• WHAT TO DO:
The whole listing, please: repeat it exactly, with the pictures left out.

• THE DATA:
.....

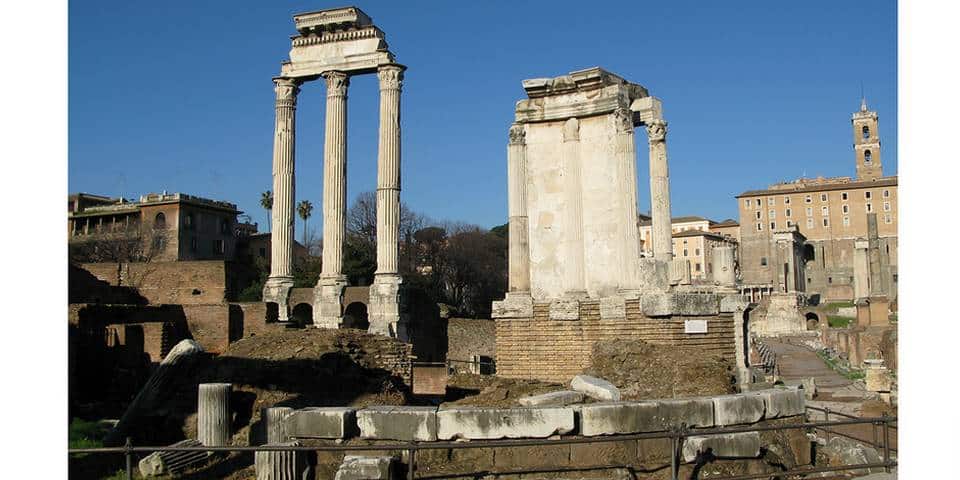 Temple de Vesta dans le Forum romain Temple de Vesta dans le Forum romain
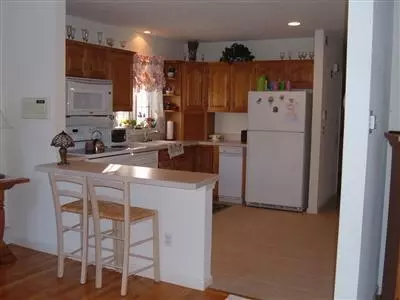 55 Crestview Cir, Centerville, MA 02632 photo 3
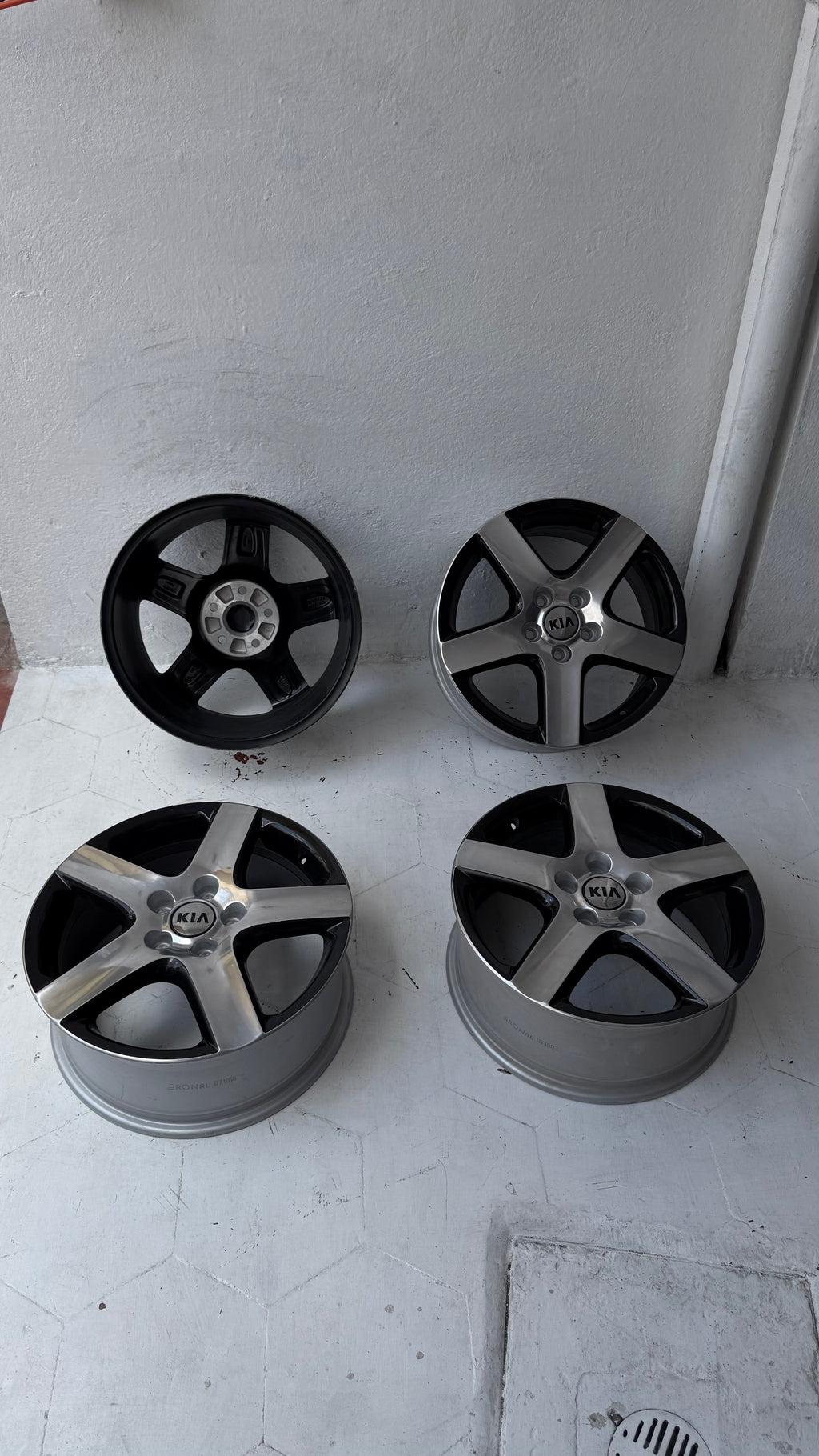 4 Rines 17” Ronal para Kia Forte, Sportage y Optima – 5×114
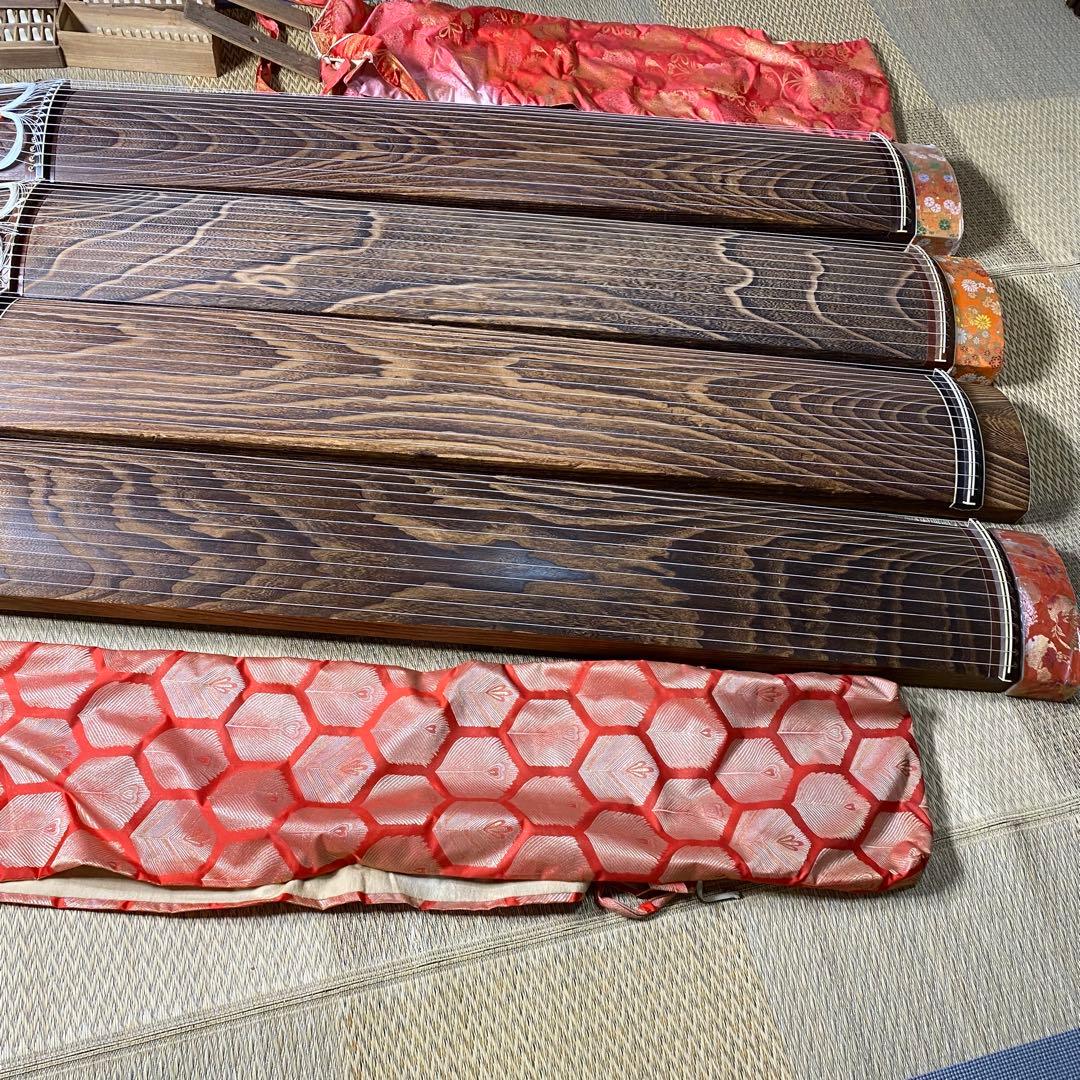 良品　4面セット売りです　お琴 13弦 すだれ彫り 琴柱・ユタン【発送条件有り】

.....

• COMPLETED TASK:
 Temple de Vesta dans le Forum romain Temple de Vesta dans le Forum romain
 55 Crestview Cir, Centerville, MA 02632 photo 3
 4 Rines 17” Ronal para Kia Forte, Sportage y Optima – 5×114
 良品　4面セット売りです　お琴 13弦 すだれ彫り 琴柱・ユタン【発送条件有り】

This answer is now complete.